A cryptocurrency crash sparked by a sell-off of risk assets has wiped well in excess of $US1 trillion ($1.39 trillion) off digital currencies, with leader bitcoin plunging 50 per cent in a matter of weeks.
But the bloodbath may not be over, with some analysts warning a buyer’s strike could plunge the knife in further.
Bitcoin hit an all-time high of $US69,000 in November but has tumbled since, falling as low as $US34,000 over the weekend following a painful 17 per cent drop over the week.
The digital asset looked to be holding at support levels but there was a firm downtrend that could see it drop below $US30,000, Pepperstone head of research Chris Weston told The Australian.

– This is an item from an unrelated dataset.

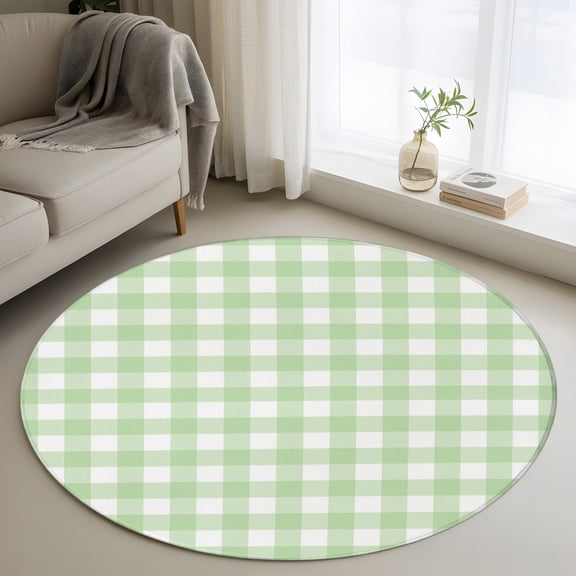 Mint Green Checks 4FT Round Area Rugs Gingham Plaid Abstract Modern Minimalist Soft Small Round Rug Non-Slip, Ultra-Thin Indoor Circle Carpet for Bedroom Entryway Kitchen Bathroom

“It’s difficult to say where the support is when there’s a buyer’s strike in the market. It’s just going down and down, and you’ve got to ask yourself, why would you buy now?

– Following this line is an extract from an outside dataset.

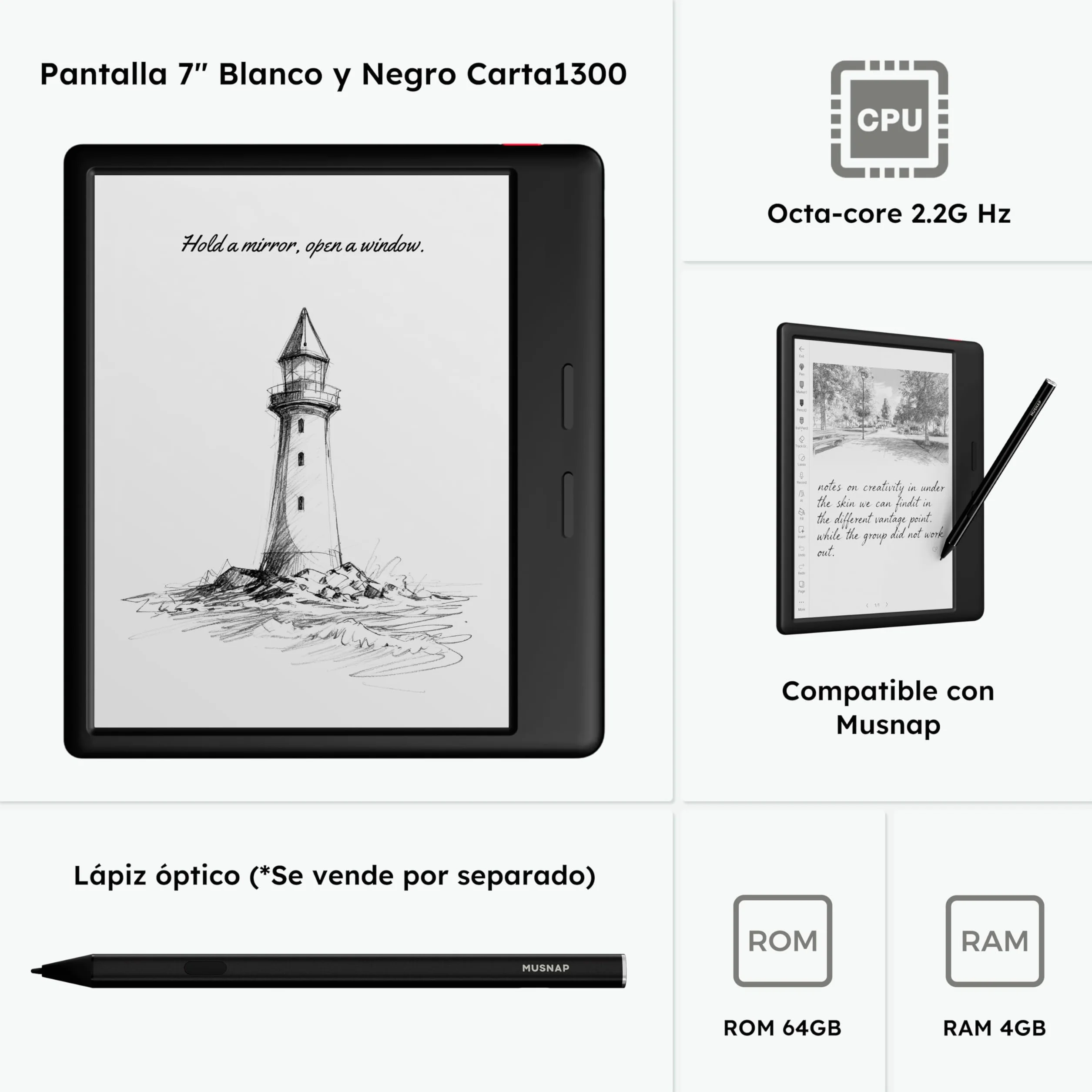 Ocean - Lector de libros electrónicos de 64 GB + 4 GB de 7 pulgadas compatible con escritura a mano, tableta de papel de tinta electrónica de 7 pulgadas con batería de larga duración para leer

“You just don’t buy bitcoin when it’s going down. The best time to buy bitcoin is when it’s going up. It’s a momentum vehicle: you buy it when it starts to go up and it’s making higher highs and higher lows.

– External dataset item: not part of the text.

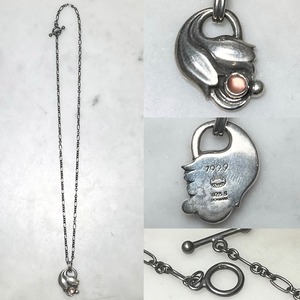 1999's GEORG JENSEN silver year pendant necklace set with rose quartz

Then everyone starts feeling a bit more positive, you get all the FOMO money and the crowds really step in. You don’t buy when it’s going down; you wait for the price to stabilise.”
If bitcoin did drop below $US30,000, there could be firm support at $US28,000, he said.
“That’s where we might see some serious buying activity like we did mid last year.
“A break below $US30,000 would be interesting in itself, but at the moment it’s like catching a falling knife trying to make an assumption of whether it’s at value. We don’t know what value is; these (currencies) are all momentum plays and momentum is firmly to the downside right now,” he said.
Henrik Andersson, chief investment officer of Melbourne-based crypto investment fund Apollo Capital, said the sell-off was part of a global macro trade.
“We’re seeing global assets sell off amid tightening monetary policy policy settings from central banks. The market is expecting interest rate hikes from central banks and this has put pressure on stockmarkets around the globe as well as on crypto prices.
“As well as that, crypto markets have done tremendously well so there’s an element of profit-taking after that strong period. That’s nothing new to the market; we’ve seen those kind of cycles in the past and it’s natural for investors to take profits.”
Mr Weston echoed these comments, saying the sell-off was a macro play rather than anything to do with the crypto adoption story.
“Some people are very cynical about it as an inflation hedge, but I think it’s pretty clear that they’re looking at the wrong type of inflation. It’s not about realised inflation, it’s not about the CPI prints we’re seeing at the moment which, of course, are very high. It’s about expected inflation, it’s about forward inflation swaps. And that’s come off about 40 basis points since November, which correlates really strongly with bitcoin’s moves since then.
“The market genuinely believes that the Fed will calm inflation through front-loading rate hikes – that’s what we’re discounting. So inflation expectations have come down and crypto has moved pretty much in line with that.
“Typically with big crypto drawdowns, the bigger coins, bitcoin and ethereum, tend to outperform the high beta altcoins.
“That hasn’t been happening this time. They’ve all been moving in parallel,” Mr Weston noted.
Mr Andersson said the long-term outlook for crypto was positive, in part due to interest in Web3, a decentralised internet underpinned by cryptocurrency.